Desaparecidos

"Onlar sadece... desaparecidos.           

Ne hayattalar ne de ölüler.

Sadece kayıplar"

Jorge Rafael Videla

Galatasaray meydanında yeni bir şey yok. Yasak, sadece yasak var. Yasak varsa polis var, polis varsa cop, biber gazı var, sonrası gözaltı. Anayasa Mahkemesi kararına rağmen hem de. Haftalardır bu cephede yeni bir şey yok.

"Gözaltındaki kayıplar son bulsun, kayıpların akıbeti açıklansın, sorumlular bulunsun ve yargılansın” talepleriyle 27 Mayıs 1995'ten itibaren oturma eylemi yapan Cumartesi İnsanları Ağustos 1998’den sonra polis, eyleme katılanlara her hafta cop ve biber gazıyla müdahale etti, katılanları gözaltına aldı.

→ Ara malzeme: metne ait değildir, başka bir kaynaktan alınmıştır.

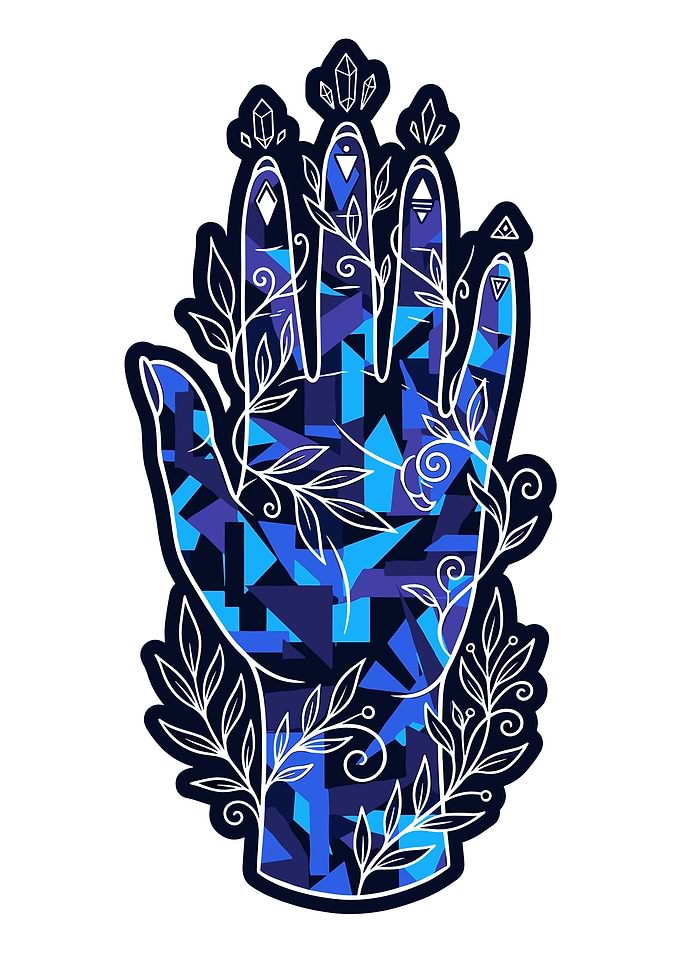 Mystical Hand with Crystals and Vines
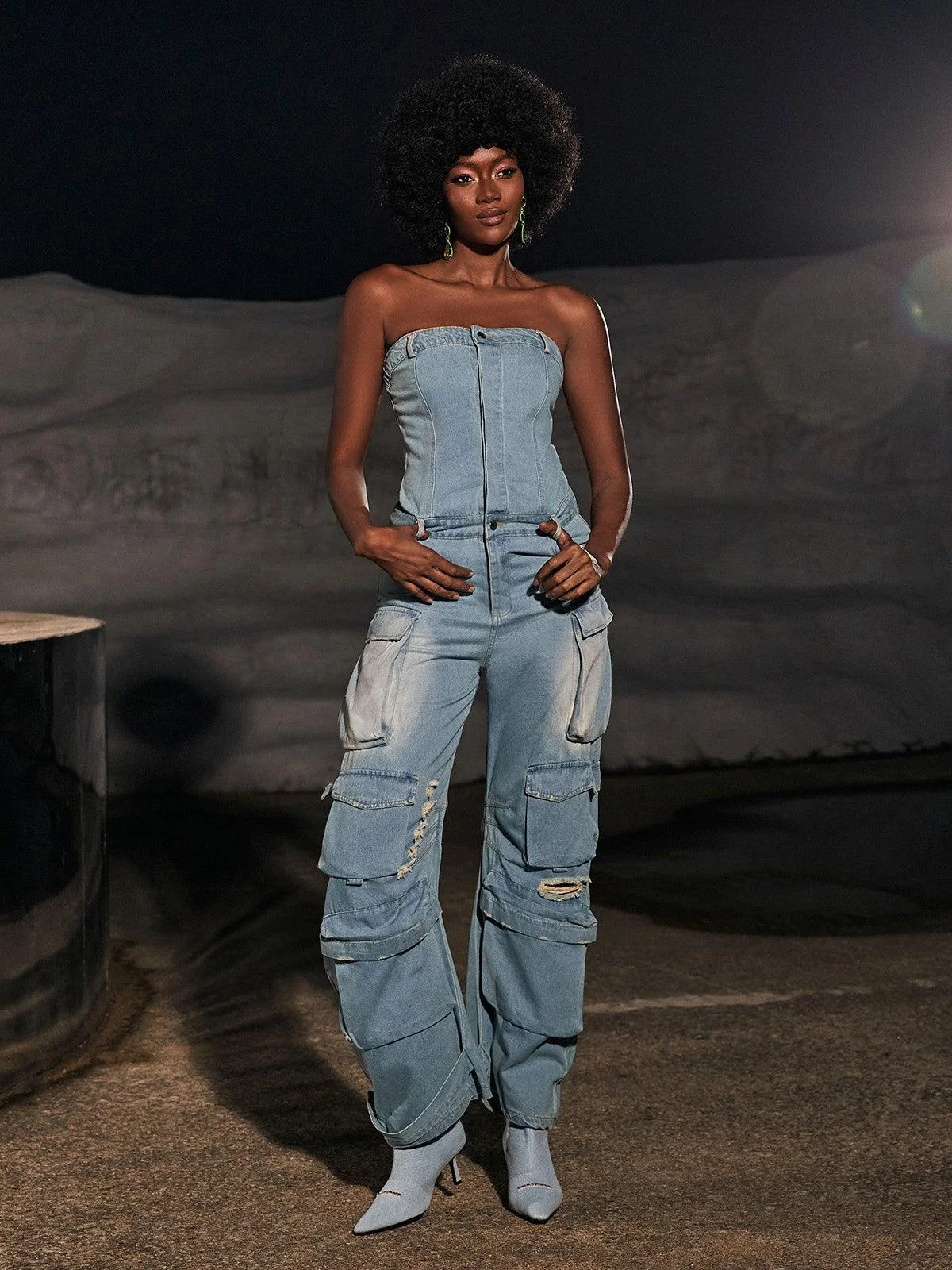 Blue Denim Strapless Jumpsuit with Pockets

Bir yıla yakın aynı şiddet devam etti, 13 Mart 1999‘da Cumartesi Anneleri/İnsanları buluşmalara ara vermek zorunda kaldı.

10 yıl sonra ellerinde zorla kaybedilen yakınlarının fotoğraflarıyla 31 Ocak 2009‘da yeniden Galatasaray Meydanı’ndaydılar. Her hafta zorla kaybedilen birinin hikâyesini anlattılar, birinin akıbetini sordular.

Cumartesi İnsanlarının Ağustos 2018 tarihindeki 700. buluşmasına yapılan polis müdahalesinden bu yana engelleniyor. Her cumartesi günü İstanbul'da, gözaltı, kelepçe, biber gazı...

Hasan Ocak'ın annesi başta olmak üzere bir grup kayıp yakını İstanbul Galatasaray meydanını mekan tuttular. Kolay olmadı elbette gün oldu oturdu yakınlarının akıbetini sordular gün oldu bir araya gelmeleri engellendi.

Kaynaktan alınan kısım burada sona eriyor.